* WHAT YOU WILL DO
Would you please set down the entries below exactly as shown?

* MATERIAL SUPPLIED
Content starts
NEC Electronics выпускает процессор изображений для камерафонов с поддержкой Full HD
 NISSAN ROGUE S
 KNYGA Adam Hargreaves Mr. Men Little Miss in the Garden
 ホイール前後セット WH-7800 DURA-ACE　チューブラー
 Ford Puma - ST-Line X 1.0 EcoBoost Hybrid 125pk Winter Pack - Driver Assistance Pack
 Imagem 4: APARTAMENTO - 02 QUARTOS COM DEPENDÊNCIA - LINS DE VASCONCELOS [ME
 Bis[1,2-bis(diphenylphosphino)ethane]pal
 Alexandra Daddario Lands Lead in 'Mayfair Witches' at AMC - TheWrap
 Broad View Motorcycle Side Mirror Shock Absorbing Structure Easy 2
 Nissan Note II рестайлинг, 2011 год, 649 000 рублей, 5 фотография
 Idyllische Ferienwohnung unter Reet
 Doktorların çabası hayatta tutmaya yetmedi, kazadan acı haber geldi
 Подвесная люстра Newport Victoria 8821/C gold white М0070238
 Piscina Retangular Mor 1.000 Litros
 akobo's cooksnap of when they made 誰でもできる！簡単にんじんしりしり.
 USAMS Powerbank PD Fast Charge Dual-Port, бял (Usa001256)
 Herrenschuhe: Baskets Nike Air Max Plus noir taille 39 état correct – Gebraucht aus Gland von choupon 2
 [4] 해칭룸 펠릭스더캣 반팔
Content ends
* ANSWER FOR THE TASK
NEC Electronics выпускает процессор изображений для камерафонов с поддержкой Full HD
 NISSAN ROGUE S
 KNYGA Adam Hargreaves Mr. Men Little Miss in the Garden
 ホイール前後セット WH-7800 DURA-ACE　チューブラー
 Ford Puma - ST-Line X 1.0 EcoBoost Hybrid 125pk Winter Pack - Driver Assistance Pack
 Imagem 4: APARTAMENTO - 02 QUARTOS COM DEPENDÊNCIA - LINS DE VASCONCELOS [ME
 Bis[1,2-bis(diphenylphosphino)ethane]pal
 Alexandra Daddario Lands Lead in 'Mayfair Witches' at AMC - TheWrap
 Broad View Motorcycle Side Mirror Shock Absorbing Structure Easy 2
 Nissan Note II рестайлинг, 2011 год, 649 000 рублей, 5 фотография
 Idyllische Ferienwohnung unter Reet
 Doktorların çabası hayatta tutmaya yetmedi, kazadan acı haber geldi
 Подвесная люстра Newport Victoria 8821/C gold white М0070238
 Piscina Retangular Mor 1.000 Litros
 akobo's cooksnap of when they made 誰でもできる！簡単にんじんしりしり.
 USAMS Powerbank PD Fast Charge Dual-Port, бял (Usa001256)
 Herrenschuhe: Baskets Nike Air Max Plus noir taille 39 état correct – Gebraucht aus Gland von choupon 2
 [4] 해칭룸 펠릭스더캣 반팔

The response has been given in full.